Will Senate proposal shed light on Cuba programs?

Sen. Richard Lugar. Photo: lugar.senate.gov/ 
The Foreign Aid Transparency and Accountability Act of 2012 has a 68 percent chance of being enacted, according to Govtrack.us.
Senate bill 3310 would ask the president to establish:
  • Goals, performance, and evaluation guidelines for U.S. foreign assistance programs, country assistance plans, and international and multilateral assistance programs;
  • A website to make publicly available information on U.S. foreign assistance programs.
Some of that is already being done. (See the State Department's ForeignAssistance.gov). But Sen. Richard Lugar, R-Ind., wants the government to do more.
Lugar introduced the act on June 19. The Senate Committee on Foreign Relations reported on the bill on Sept. 19 and moved it along for further consideration, according to Govtrack.us. The House and Senate would have to pass the bill - and the president would have to sign it - for the legislation to take effect.
Would the proposal force the government to increase the transparency of State Department and USAID programs in Cuba?
Not by much.
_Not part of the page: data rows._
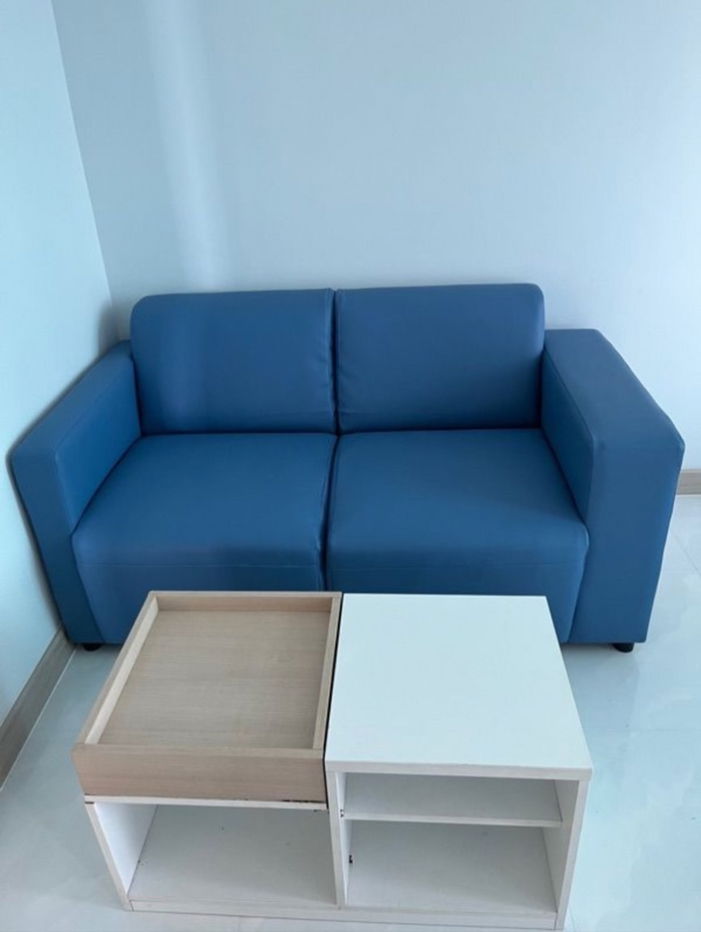 picture  𝗧𝗵𝗲 𝗖𝘂𝗯𝗲 𝗡𝗮𝘄𝗮𝗺𝗶𝗻-𝗥𝗮𝗺𝗶𝗻𝘁𝗿𝗮 for rent ✨ Fully furnished - 3/8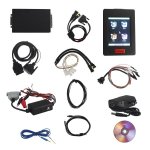 Hand-held K-Touch ECU programmer OBDII/BOOT Protocols Upgrade Ke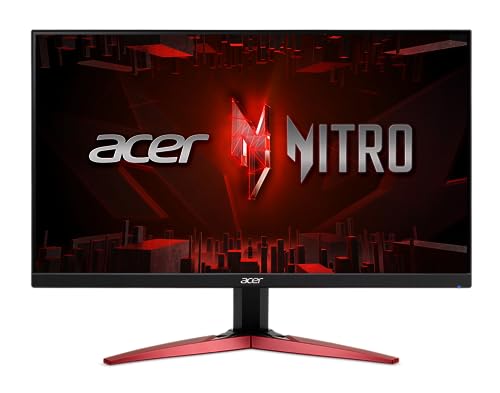 Acer Nitro 27" Full HD Gaming Monitor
That's my guess.

The bill allows for some foreign aid programs to be exempt. It reads:
If the head of a Federal department or agency makes a determination that the
inclusion of a required item of information on the Web site would jeopardize the health or security of an implementing partner or program beneficiary or would be detrimental to the national interests of the United States, such item of information may be submitted to Congress in a written report in lieu of including it on the Web site, along with the reasons for not including it in the database required under subsection (c)(2).
Cuba programs could easily be exempt under that rule. And if that's not enough, there's another loophole. Government agencies would be allowed to exclude "classified or proprietary material." That is sufficiently broad and vague to allow the U.S. government - and private contractors - to continue to keep Cuba programs largely secret.